▸ **TO DO**:
Reproduce word for word every line from the one containing "this 852×479 image." to the final line of the data below; omit the pictures.

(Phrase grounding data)
Start of Block

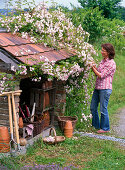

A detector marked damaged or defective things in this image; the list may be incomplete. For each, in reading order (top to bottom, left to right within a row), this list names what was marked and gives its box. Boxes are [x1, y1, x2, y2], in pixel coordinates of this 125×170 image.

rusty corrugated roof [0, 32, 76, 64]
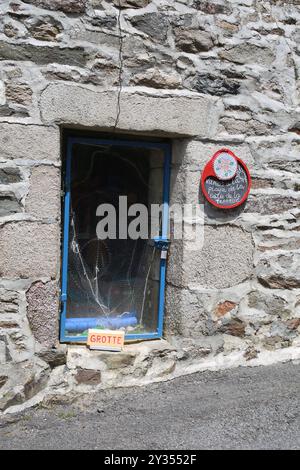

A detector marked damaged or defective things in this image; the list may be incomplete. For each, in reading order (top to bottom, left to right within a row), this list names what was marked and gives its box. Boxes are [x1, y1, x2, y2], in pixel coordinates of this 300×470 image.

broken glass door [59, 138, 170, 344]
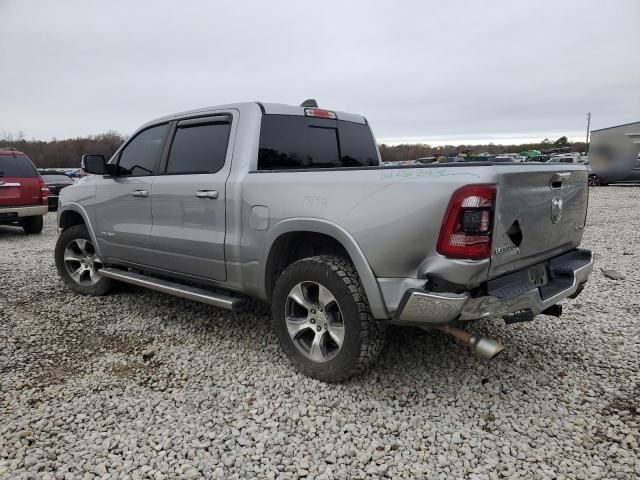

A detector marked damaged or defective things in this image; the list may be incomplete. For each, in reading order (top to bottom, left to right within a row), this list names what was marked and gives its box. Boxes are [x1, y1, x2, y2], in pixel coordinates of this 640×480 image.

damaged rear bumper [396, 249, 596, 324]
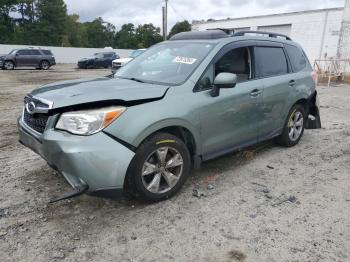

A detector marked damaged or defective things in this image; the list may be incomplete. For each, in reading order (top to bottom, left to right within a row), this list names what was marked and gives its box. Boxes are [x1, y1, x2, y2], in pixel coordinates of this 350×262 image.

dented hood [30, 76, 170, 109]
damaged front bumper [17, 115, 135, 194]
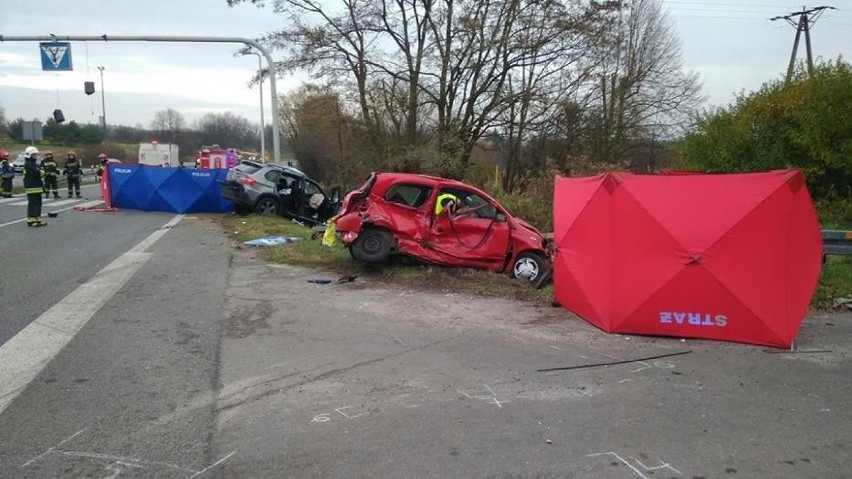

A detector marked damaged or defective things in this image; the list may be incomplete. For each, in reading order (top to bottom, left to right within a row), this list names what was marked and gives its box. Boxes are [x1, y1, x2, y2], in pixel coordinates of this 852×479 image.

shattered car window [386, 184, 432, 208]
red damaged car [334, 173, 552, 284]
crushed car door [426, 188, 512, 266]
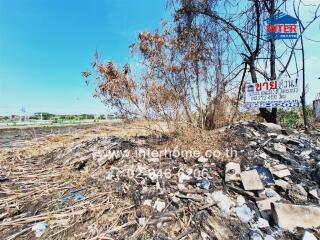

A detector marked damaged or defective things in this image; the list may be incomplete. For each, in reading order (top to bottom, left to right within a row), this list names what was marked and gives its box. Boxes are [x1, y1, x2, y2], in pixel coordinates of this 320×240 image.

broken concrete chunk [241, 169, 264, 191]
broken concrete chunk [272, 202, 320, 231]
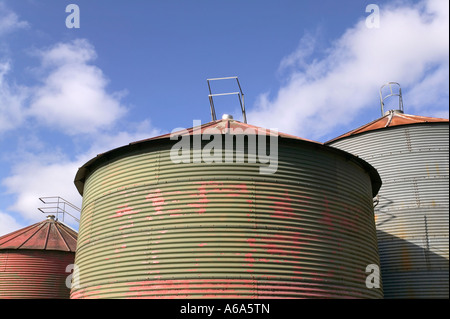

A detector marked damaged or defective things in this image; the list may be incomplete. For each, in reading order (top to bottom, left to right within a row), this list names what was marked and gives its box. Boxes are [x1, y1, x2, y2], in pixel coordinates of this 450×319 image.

End of Block

▸ **ANSWER**:
A detector marked damaged or defective things in this image; the list may be incomplete. For each, in reading order (top to bottom, left to right within a row), this list names what was marked and gives its box. Boxes are [x1, y1, x2, y2], in pixel coordinates of this 852×479 image.

shattered car window [386, 184, 432, 208]
red damaged car [334, 173, 552, 284]
crushed car door [426, 188, 512, 266]

A detector marked damaged or defective things in this image; the list may be incomplete. For each, in reading order (top to bottom, left to right within a row), this list names what was marked and gives its box. Boxes are [x1, y1, x2, y2], in pixel coordinates of this 320×240 image.

broken concrete chunk [241, 169, 264, 191]
broken concrete chunk [272, 202, 320, 231]

A detector marked damaged or defective things in this image; the list may be incomplete. For each, in reading order (top to bottom, left to right within a row), this list names what was marked and gives its box. Boxes are [x1, y1, x2, y2], in pixel coordinates of this 450×319 image.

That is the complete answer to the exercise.